Title: There Are Rivers in the Sky
Author: Shafak, Elif
Publisher: Knopf
Pages: 446
Date Read: 01 December 2025
Bookshelves: read, favorites
My Rating (out of 5): ⭐⭐⭐⭐⭐
It was around this time last year I discovered that Shafak had published another title. I was understandably excited as I knew I had something to look forward to in the next year. To be clear, Shafak is my favourite author alive; a title the author has earned through the quality, style and variety of her works. So, when I picked up Shafak’s latest title halfway into the year as life began asking me difficult questions, it was with a mix of expectation, enthusiasm and the promise of a badly-needed escape.
In this book, Shafak writes about water. How it forms, how it cycles, how it shapes, how it defines, and how it remembers. She tells the story of three very different individuals, separated by time and geography and attempted to use water and words to reconcile their worlds. Arthur, born by the River Thames in 19th century London. Narin, born by the River Tigris around where used to be Mesopotamia, and Zaleekhah, who continues to have an academic relationship with water against all sensible odds.
Through the story, Shafak explores the characters’ unique relationship with the substance. We see how Arthur uses his talents to decipher a poem written in a forgotten tongue. And how this gift of memory shaped his relationship with both the River Thames and the River Tigris. We follow Narin, a little girl whose lived experience has been coloured by discrimination, but tempered by her grandmother’s love and their proximity to the Tigris. We explore Zaleekhah’s interesting decision to return to a life on the Thames in spite of the magnitude of destruction water was responsible for in her life.
The story develops slowly, as the reader follows these very separate characters like a twig in a tide, fleshing out the characters’ motivations, educating the reader about the history of several forgotten cities. The author simply asks that you trust her to bring the story into a meaningful confluence. This, she did in a very wholesome way. Elif Shafak really knows how to tell a story.
I appreciate that Shafak understands time and how to work her way through it. I need to spotlight this because time is notoriously hard to get right and I have seen even the best authors struggle with accommodating the past and the present in their works. How the past peeks the present, how the present yearns for the past, Shafak handles the complex interactions of time with remarkable grace. She has walked this tight rope in many of her other works. But the echoes of time in this book were far more nuanced, and the author pulled this off with total mastery.
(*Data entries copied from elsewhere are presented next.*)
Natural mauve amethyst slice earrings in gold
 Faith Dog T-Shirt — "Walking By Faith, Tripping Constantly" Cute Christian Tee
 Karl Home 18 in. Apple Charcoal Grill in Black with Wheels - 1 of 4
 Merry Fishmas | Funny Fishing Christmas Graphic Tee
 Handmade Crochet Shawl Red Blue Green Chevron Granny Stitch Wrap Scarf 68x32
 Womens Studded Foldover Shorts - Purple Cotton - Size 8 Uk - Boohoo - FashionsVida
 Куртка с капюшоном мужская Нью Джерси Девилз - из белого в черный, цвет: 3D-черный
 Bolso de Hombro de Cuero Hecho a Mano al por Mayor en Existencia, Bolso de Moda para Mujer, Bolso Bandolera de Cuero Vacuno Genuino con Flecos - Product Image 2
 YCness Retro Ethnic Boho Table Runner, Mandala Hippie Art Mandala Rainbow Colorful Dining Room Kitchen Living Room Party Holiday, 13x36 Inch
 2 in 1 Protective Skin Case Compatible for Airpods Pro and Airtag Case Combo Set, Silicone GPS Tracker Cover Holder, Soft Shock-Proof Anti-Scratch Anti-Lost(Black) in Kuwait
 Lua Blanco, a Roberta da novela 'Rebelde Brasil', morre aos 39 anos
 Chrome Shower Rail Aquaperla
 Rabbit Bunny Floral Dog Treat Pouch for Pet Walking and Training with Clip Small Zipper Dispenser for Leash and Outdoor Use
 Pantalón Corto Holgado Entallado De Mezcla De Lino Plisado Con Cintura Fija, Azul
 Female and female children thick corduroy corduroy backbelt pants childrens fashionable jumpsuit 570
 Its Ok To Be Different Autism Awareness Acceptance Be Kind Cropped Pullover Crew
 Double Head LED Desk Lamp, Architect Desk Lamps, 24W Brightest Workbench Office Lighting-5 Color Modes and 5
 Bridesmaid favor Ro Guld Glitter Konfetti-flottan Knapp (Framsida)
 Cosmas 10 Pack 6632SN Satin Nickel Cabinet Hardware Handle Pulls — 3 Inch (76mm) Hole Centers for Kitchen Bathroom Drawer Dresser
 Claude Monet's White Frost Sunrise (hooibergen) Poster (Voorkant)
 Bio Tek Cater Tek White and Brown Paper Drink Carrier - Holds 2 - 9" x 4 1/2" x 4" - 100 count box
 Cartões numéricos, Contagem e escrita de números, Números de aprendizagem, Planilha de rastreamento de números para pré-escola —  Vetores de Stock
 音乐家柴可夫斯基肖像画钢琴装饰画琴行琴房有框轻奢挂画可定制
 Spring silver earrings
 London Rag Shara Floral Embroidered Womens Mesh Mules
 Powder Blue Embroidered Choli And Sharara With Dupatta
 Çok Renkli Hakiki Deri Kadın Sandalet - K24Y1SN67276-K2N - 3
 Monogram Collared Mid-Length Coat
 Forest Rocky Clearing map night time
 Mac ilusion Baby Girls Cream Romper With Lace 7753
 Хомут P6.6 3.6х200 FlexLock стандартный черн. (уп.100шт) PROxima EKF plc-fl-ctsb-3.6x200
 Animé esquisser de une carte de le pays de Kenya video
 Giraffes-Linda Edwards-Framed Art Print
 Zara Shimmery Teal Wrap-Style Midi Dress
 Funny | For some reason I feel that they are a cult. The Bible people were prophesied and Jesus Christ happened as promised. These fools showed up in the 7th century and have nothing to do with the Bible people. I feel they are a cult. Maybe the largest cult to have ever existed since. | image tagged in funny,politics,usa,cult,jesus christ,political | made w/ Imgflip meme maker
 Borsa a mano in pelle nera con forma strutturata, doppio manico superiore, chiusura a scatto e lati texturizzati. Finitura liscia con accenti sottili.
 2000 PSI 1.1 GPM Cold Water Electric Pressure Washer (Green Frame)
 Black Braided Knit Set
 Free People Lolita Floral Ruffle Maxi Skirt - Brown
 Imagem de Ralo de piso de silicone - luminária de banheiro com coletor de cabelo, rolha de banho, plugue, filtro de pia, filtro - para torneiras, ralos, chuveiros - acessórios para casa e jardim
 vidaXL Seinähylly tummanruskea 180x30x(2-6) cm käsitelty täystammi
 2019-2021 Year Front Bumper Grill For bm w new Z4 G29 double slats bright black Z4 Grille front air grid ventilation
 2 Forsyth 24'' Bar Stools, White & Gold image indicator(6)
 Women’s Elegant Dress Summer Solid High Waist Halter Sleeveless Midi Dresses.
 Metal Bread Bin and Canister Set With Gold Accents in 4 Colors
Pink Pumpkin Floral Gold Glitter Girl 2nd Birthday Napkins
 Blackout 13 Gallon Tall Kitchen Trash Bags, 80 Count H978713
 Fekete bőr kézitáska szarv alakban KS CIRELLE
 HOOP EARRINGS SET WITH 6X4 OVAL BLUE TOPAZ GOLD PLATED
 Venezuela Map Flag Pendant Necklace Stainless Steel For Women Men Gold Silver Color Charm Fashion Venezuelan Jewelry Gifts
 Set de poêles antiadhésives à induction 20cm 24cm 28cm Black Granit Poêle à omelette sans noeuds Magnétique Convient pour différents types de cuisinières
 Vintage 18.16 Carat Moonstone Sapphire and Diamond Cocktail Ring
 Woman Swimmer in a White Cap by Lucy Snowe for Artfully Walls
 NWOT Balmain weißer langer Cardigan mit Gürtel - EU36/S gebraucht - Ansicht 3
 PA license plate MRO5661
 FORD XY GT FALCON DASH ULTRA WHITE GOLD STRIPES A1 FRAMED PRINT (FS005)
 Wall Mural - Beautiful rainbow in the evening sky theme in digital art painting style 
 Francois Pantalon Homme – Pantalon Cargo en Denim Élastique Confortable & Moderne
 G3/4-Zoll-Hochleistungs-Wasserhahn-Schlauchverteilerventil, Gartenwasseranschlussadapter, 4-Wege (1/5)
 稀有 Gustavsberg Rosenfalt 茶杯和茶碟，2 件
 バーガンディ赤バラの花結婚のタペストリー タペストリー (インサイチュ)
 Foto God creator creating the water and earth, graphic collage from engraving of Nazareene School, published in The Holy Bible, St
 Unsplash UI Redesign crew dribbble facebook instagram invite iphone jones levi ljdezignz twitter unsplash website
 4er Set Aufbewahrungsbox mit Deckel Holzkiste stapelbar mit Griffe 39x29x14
Brilliant!
This book had enough material to be fleshed out into 3 separate but probably less-interesting books. So, i applaud Shafak’s decision to condense these stories into one, albeit, slightly longer book.
Away from the Tigris and the Thames, Shafak suggests that water tells a story of all the places it has been. The water you cooked with today was probably used by a forgotten civilization for the same purposes 5000 years ago and has cycled through the atmosphere many times over, holding important history across the journey to the sky and back. I am deeply fascinated by the concept that water has some sort of memory, that water remembers. I continue to hope in silence that science someday confirms what many already know to be true.
A solid 5 stars! Read this book, folks!